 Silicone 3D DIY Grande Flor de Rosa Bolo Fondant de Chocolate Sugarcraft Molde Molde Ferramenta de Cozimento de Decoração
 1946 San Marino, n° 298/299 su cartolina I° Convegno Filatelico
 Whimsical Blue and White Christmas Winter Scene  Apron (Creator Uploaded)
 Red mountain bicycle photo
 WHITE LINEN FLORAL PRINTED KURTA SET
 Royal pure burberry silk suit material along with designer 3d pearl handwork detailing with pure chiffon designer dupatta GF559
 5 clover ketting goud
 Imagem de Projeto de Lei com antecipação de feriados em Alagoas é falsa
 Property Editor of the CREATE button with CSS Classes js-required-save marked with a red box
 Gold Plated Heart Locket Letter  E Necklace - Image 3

Prompt.
The answer must be the line containing "1946 San Marino, n°" and every line after it to the end of the records, repeated exactly.

Answer space.
 1946 San Marino, n° 298/299 su cartolina I° Convegno Filatelico
 Whimsical Blue and White Christmas Winter Scene  Apron (Creator Uploaded)
 Red mountain bicycle photo
 WHITE LINEN FLORAL PRINTED KURTA SET
 Royal pure burberry silk suit material along with designer 3d pearl handwork detailing with pure chiffon designer dupatta GF559
 5 clover ketting goud
 Imagem de Projeto de Lei com antecipação de feriados em Alagoas é falsa
 Property Editor of the CREATE button with CSS Classes js-required-save marked with a red box
 Gold Plated Heart Locket Letter  E Necklace - Image 3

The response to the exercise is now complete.